How to Control a Rake Classifier
There are three adjustments that can be made to regulate the mesh of separation of a classifier:
- The speed of the rakes, which regulates the amount of agitation and the jigging motion of the pulp as well as the tonnage of oversize that can be raked up the slope.
- The slope of the tank, which determines the volume of pulp in it and the area available for settlement of the solids.
- The W/S ratio of the pulp in the classifier.
The first two adjustments are fixed before the classifier is installed and they cannot be altered while the machine is running ; the controlling factors are so well known that it is seldom necessary to make a change after the machine has been erected.

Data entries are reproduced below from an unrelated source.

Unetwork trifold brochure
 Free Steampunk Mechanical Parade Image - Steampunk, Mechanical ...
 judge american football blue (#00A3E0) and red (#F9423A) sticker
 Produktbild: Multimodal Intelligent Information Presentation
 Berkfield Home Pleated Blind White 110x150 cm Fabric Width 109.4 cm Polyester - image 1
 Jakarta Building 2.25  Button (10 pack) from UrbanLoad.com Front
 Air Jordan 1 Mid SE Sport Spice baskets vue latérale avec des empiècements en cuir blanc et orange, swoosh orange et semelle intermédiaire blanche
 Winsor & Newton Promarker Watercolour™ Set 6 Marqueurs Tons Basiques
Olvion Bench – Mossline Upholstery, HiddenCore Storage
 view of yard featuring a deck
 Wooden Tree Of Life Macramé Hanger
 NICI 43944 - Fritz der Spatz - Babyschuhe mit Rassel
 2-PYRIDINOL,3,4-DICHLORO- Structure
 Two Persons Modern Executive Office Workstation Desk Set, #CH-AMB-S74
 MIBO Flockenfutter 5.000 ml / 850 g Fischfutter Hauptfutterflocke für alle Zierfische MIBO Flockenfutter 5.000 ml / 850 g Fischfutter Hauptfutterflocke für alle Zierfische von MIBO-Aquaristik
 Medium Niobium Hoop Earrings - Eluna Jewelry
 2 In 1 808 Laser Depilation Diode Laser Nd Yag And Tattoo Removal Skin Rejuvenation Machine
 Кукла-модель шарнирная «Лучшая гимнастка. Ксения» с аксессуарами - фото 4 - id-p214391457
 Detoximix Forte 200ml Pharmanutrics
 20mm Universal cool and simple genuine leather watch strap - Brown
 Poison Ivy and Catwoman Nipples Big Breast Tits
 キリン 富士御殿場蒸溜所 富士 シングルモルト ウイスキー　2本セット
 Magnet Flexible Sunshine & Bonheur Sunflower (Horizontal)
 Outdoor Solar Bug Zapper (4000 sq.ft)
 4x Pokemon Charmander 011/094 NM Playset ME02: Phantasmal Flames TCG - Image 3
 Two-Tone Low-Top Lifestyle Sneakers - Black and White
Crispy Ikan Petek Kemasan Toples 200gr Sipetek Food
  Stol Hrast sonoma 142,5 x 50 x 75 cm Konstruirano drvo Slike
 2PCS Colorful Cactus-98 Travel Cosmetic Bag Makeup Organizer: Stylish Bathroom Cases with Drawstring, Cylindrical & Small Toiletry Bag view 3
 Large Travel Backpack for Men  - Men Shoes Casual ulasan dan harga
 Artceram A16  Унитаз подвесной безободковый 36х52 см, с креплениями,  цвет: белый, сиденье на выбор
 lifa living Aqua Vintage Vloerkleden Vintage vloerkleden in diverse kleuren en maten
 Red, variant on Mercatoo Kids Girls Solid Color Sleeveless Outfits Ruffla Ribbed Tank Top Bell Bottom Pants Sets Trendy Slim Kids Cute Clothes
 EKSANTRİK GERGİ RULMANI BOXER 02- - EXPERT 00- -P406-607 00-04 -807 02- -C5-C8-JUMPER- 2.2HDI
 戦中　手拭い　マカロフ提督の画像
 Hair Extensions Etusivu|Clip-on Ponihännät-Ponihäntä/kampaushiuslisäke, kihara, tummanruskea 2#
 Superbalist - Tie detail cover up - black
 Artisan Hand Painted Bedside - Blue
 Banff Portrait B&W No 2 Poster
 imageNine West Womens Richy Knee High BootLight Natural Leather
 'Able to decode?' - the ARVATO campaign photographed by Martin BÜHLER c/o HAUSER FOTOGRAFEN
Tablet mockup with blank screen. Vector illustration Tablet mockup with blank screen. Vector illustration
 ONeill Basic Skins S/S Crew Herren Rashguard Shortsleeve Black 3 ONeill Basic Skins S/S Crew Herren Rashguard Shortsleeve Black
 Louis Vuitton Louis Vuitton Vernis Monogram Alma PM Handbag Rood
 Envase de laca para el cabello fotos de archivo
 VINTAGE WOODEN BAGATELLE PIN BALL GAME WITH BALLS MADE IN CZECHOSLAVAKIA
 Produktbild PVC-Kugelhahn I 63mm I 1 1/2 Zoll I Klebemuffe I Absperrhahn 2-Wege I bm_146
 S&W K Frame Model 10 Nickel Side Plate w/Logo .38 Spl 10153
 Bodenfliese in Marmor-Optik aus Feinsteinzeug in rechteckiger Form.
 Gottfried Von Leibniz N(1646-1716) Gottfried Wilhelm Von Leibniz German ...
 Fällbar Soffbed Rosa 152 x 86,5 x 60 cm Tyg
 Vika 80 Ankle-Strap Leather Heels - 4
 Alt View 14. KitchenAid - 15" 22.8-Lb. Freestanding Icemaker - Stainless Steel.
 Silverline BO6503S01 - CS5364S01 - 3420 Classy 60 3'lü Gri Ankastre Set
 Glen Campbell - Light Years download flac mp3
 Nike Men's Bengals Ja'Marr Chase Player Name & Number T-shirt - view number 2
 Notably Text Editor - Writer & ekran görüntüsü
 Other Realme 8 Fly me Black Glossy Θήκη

The third adjustment is the method by which the operation of a classifier is controlled while the plant is running. The addition of water is always necessary because the ball mill discharge seldom contains less than 70% of solids while a classifier is never run with more than 50% of solids. The effect of the addition of water to a classifier is to determine the rate at which the solids will settle ; in a thick pulp they will settle more slowly than a thin one. It follows that the coarser the overflow product required, the thicker should be the pulp, and vice versa. It must be understood that an increase in the volume of water, provided that the tonnage of solids remains the same, does not tend to carry coarser particles of ore past the overflow lip ; it has exactly the reverse effect—it increases the settling rate and makes the overflow finer.
It will be seen from Table 14 that a separation finer than 100 mesh is likely to require a pulp in the classifier with less than 20% of solids. Since most flotation machines cannot be run economically with a pulp as thin as this, some means is needed of thickening it before flotation in installations where fine grinding is practised. A thickener can be used for the purpose, but the long contact period of the ore with water frequently results in “over-conditioning” of the pulp or undesirable oxidation of the mineral. The bowl classifier is designed to meet the difficulty and it is considered better to use it whenever possible in preference to a straight classifier followed by a thickener.